I did not dare move. The Guermantes groom, taking advantage no doubt of his master's absence, had, as it happened, transferred to the shop in which I now stood a ladder which hitherto had been kept in the coach-house, and if I had climbed this I could have opened the fanlight above and heard as well as if I been in Jupien's shop itself. But I was afraid of making a noise. Besides, it was unnecessary. I had not even cause to regret my not having arrived in the shop until several minutes had elapsed. For from what I heard at first in Jupien's quarters, which was only a series of inarticulate sounds, I image that few words had been exchanged. It is true that these sounds were so violent that, if they had not always been taken up an octave higher by a parallel plaint, I might have thought that one person was slitting another's threat within a few feet of me, and that subsequently the murderer and his resuscitated victim were taking a bath to wash away the traces of the crime. I concluded from this later on that there is another thing as vociferous as pain, namely pleasure, especially when there is added to it - in the absence of the fear of an eventual parturition, which could not be the case here, despite the hardly convincing examples in the Golden Legend - an immediate concern about cleanliness. Finally, after about half an hour (during which time I had stealthily hoisted myself up my ladder so as to peep through the fanlight which I did not open), the Baron emerged and a conversation began. Jupien refused with insistence the money that M. de Charlus was trying to press upon him.

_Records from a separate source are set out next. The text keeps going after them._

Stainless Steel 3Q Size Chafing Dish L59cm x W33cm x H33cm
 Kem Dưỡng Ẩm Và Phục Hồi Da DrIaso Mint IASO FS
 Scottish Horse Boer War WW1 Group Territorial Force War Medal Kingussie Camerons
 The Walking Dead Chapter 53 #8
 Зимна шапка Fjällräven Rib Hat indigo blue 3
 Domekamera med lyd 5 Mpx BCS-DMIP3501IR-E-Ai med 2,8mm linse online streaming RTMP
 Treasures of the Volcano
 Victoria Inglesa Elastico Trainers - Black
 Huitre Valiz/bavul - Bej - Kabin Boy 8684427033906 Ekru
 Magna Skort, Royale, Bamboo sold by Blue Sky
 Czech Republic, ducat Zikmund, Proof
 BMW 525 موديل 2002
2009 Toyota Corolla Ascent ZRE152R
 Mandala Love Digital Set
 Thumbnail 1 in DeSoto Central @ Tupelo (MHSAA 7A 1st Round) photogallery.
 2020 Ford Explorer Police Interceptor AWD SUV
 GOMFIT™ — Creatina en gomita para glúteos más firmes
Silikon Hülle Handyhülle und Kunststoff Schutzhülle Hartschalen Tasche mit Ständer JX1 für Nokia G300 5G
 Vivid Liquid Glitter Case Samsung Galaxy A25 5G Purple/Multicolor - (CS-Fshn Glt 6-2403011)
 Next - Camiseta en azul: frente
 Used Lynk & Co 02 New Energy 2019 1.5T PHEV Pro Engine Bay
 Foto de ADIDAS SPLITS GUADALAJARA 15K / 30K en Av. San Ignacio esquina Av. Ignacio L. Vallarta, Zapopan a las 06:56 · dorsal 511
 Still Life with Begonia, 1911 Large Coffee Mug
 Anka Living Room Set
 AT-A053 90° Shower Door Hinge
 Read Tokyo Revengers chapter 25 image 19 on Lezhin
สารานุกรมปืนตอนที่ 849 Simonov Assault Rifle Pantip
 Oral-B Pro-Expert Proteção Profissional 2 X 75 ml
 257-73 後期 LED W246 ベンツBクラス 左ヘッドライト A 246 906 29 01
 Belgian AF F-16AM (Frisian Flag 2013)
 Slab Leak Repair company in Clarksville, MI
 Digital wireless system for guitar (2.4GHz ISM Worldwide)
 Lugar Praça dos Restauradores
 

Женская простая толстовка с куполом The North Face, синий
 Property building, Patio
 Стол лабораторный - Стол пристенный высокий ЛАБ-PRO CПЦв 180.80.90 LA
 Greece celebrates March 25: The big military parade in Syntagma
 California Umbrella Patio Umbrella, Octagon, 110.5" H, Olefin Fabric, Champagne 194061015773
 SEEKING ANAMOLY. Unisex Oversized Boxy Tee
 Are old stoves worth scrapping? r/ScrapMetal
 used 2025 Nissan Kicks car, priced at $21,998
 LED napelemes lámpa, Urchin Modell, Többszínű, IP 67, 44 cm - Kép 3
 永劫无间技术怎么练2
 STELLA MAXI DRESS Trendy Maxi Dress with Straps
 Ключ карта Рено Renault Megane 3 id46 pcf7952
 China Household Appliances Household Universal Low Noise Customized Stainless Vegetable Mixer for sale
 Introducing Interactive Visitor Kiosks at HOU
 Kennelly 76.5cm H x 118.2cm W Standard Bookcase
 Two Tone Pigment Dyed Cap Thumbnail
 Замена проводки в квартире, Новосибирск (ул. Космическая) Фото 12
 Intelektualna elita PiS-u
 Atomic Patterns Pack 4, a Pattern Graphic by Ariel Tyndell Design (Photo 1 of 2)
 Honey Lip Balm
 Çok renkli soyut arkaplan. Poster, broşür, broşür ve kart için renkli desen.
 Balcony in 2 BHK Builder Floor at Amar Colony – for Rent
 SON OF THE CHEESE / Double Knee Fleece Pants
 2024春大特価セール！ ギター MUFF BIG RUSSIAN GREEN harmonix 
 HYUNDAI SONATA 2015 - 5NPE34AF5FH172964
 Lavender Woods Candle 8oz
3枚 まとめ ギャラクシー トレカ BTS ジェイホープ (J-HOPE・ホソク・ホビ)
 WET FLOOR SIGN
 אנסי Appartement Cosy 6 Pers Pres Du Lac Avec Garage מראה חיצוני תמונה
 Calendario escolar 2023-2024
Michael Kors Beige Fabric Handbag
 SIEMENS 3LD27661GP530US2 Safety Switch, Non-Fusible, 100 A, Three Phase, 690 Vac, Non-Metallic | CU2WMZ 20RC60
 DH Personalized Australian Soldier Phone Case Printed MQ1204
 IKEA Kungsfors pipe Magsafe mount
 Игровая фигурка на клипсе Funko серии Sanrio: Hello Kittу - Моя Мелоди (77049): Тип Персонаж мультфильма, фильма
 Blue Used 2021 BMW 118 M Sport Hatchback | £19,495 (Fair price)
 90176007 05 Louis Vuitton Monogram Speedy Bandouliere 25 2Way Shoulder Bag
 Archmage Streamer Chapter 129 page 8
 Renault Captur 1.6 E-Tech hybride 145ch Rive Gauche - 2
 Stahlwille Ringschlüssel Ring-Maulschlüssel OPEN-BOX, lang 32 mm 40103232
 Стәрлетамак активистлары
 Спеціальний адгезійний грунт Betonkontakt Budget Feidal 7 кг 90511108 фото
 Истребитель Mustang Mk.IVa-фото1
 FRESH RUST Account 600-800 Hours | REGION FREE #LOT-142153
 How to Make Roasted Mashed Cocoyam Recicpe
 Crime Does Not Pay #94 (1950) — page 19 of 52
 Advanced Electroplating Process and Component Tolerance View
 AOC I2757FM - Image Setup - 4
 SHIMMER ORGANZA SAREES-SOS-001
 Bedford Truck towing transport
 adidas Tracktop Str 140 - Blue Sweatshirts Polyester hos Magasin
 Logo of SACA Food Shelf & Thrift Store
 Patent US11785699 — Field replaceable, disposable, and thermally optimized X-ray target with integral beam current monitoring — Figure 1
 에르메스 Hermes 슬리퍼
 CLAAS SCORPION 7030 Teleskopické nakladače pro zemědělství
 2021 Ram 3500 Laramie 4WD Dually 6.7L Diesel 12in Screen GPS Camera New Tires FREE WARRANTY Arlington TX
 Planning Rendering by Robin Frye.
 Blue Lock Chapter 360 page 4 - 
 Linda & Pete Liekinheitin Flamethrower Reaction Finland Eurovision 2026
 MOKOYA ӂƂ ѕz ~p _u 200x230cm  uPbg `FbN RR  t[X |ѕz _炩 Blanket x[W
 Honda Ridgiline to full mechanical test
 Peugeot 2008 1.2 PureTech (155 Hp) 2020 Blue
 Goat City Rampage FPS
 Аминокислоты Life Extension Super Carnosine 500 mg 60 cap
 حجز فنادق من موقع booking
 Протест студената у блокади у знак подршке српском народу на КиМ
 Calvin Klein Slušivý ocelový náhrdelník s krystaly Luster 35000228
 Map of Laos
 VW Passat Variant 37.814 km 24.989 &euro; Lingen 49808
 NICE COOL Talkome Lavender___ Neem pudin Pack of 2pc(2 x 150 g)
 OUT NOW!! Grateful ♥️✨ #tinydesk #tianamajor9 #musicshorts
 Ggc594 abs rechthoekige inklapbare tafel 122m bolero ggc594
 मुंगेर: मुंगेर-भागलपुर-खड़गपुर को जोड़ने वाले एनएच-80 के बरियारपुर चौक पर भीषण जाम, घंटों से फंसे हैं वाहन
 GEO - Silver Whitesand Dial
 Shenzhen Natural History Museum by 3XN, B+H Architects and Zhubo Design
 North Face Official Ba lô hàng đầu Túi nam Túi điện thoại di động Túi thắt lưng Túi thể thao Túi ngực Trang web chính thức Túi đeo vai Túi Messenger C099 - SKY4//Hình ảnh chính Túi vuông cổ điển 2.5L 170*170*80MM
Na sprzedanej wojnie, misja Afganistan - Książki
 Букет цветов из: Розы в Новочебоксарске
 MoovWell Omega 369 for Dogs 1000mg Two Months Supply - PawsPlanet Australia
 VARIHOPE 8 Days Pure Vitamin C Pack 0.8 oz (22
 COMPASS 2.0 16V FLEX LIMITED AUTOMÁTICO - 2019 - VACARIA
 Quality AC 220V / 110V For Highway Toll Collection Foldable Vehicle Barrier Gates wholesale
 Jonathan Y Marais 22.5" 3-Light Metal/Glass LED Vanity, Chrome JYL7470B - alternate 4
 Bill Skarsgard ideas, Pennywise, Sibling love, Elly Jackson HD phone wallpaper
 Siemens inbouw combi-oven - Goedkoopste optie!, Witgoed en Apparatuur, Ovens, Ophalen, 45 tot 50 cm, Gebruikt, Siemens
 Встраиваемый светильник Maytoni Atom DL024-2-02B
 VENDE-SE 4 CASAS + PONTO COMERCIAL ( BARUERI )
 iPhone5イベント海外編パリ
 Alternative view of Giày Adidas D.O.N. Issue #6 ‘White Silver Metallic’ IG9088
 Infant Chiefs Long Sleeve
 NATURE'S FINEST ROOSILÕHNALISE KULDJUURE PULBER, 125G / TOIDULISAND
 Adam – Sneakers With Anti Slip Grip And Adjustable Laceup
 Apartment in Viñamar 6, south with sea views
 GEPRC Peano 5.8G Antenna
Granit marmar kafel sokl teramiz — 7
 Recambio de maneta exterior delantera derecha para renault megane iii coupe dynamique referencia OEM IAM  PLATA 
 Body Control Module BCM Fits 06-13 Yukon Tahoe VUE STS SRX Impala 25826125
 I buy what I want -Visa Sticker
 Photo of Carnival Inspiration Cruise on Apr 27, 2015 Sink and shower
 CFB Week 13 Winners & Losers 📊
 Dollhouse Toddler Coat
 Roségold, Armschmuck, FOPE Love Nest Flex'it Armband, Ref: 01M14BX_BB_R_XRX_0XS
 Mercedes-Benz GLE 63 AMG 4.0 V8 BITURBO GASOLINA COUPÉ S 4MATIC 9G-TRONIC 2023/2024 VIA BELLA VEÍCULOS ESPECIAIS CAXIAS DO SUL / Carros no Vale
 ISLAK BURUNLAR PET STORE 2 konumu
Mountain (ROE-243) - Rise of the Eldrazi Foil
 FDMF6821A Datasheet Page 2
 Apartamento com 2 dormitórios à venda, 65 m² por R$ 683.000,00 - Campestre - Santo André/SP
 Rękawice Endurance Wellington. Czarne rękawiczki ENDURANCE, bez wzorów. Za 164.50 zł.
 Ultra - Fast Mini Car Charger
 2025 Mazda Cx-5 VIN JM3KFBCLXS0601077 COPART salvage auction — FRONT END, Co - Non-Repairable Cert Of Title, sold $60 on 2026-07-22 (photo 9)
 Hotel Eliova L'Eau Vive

Marcel Proust, Cities of the Plain, p. 631
I remember making the point years ago in class that there were three times when the dividing line between human and animal almost vanished: birth, death and sex. Proust reports, "It is true that these sounds were so violent that, if they had not always been taken up an octave higher by a parallel plaint, I might have thought that one person was slitting another's threat within a few feet of me, and that subsequently the murderer and his resuscitated victim were taking a bath to wash away the traces of the crime." This would seem to bolster, at least partially, my theory. He then adds, "I concluded from this later on that there is another thing as vociferous as pain, namely pleasure . . .", and references the Golden Legend, which was a popular Medieval story recounting, in part, the lives of the saints. He's touching upon, I think, and no pun intended, the bliss of pain, which sounds like something Pinhead would have said in Hellraiser.
I also find myself coming back to the question of Proust's own sexuality. This entire story just reads like a metaphor for Proust's fascination with and exploration of homosexuality.